Elektromobilität

Zahl der mobilen Ladestromtarife hat sich verdreifacht

Es gibt immer mehr Ladestromtarife in Deutschland. Mittlerweile können E-Autofahrer einer Analyse zufolge unter 383 Tarifen wählen. Die Angebote unterscheiden sich demnach weiterhin stark. Das bezieht sich sowohl auf die Abrechnungsarten als auch auf die Bezahlsysteme.

Diana Schellhas, 07.04.2021, 10:24 Uhr
Elektroauto LadesäuleZwischen 2019 und 2021 hat sich laut Studie die Anzahl an Ladestromtarifen mehr als verdreifacht.© franzi12 / AdobeStock

Derzeit erlebt die Elektromobilität einen starken Wachstumsschub. Laut Kraftfahrtbundesamt erreichte der Fahrzeugbestand zum 1. Januar 2021 309.083 reine Elektroautos und 279.861 Plug-In Hybride. Analog hierzu nimmt der Umfang der öffentlichen Ladeinfrastruktur stetig zu. Im März 2021 sind bei der Bundesnetzagentur 35.076 Normal- und 5.730 öffentlich zugängliche Schnellladepunkte in Deutschland gelistet. In seiner deutschlandweiten Vollerhebung aller verfügbaren mobilen Ladestromtarife registriert das Bonner Beratungshaus EUPD Research passend dazu bereits im dritten Jahr in Folge einen starken Zuwachs an Tarifen.

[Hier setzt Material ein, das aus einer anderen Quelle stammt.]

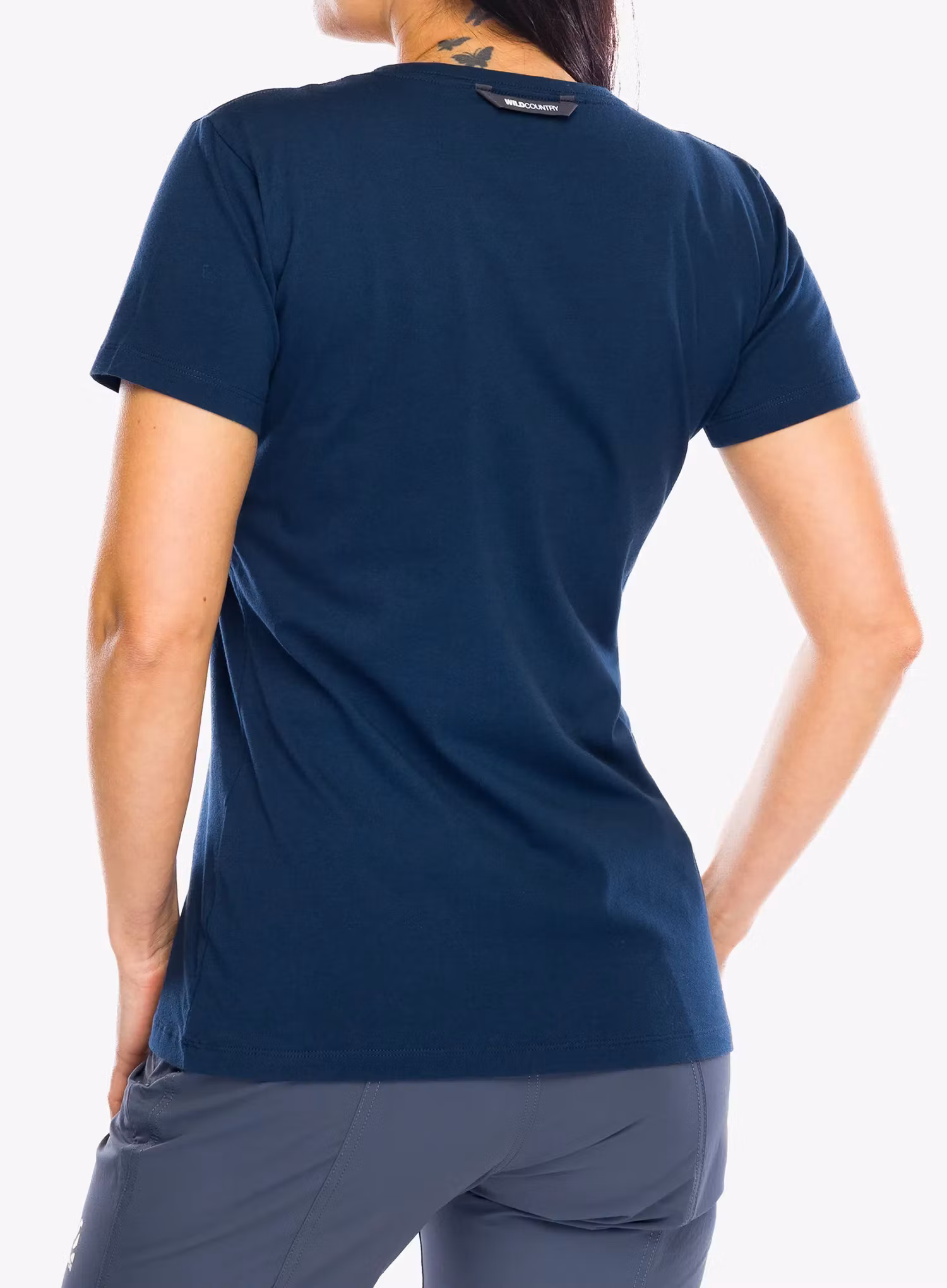 Ženska bombažna majica Wild Country Stamina T-Shirt -  navy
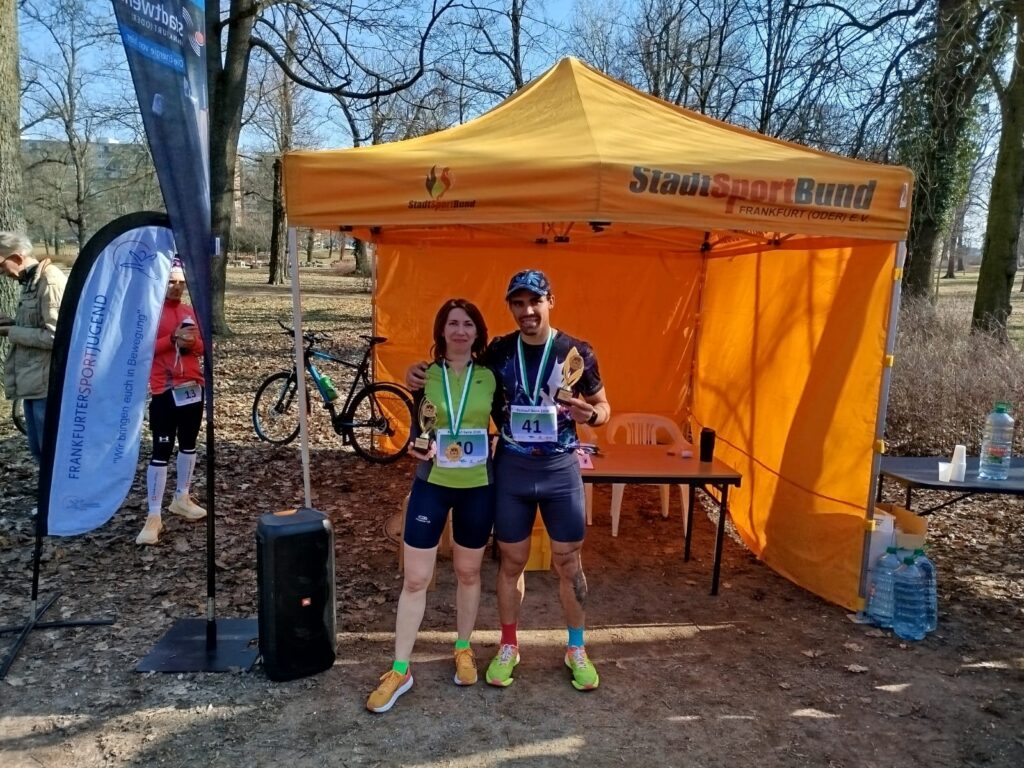 Mariola Schleer i Iwan Stoianow zwyciężyli w pierwszym Biegu Parkowym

Zahl der Ladestromtarife steigt auf 383

Zwischen 2019 und 2021 hat sich laut Studie die Tarifanzahl von 124 auf aktuell 383 erfasste Tarife mehr als verdreifacht. Im Jahresvergleich 2020 zu 2021 beträgt der Anstieg demnach noch immer 33 Prozent. Nach wie vor bilden die Energieversorger oder regionalen Stadtwerke die größte Anbietergruppe für mobile Ladestromtarife. Diese betreiben der Untersuchung zufolge meist eigene Ladesäulen und ermöglichen vor allem regionalen Kunden den Zugang zur öffentlichen Ladeinfrastruktur.

Die diesjährige Analyse legt außerdem einen Anstieg an Tarifen in der Gruppe der Automotives offen. Automotives wollen den Verkauf des Elektroautos direkt mit der Bereitstellung einer öffentlichen Ladeinfrastruktur kombinieren. Dies führt neben neuen Einnahmequellen der Automotives auch zu einer langfristigen Kundenbindung.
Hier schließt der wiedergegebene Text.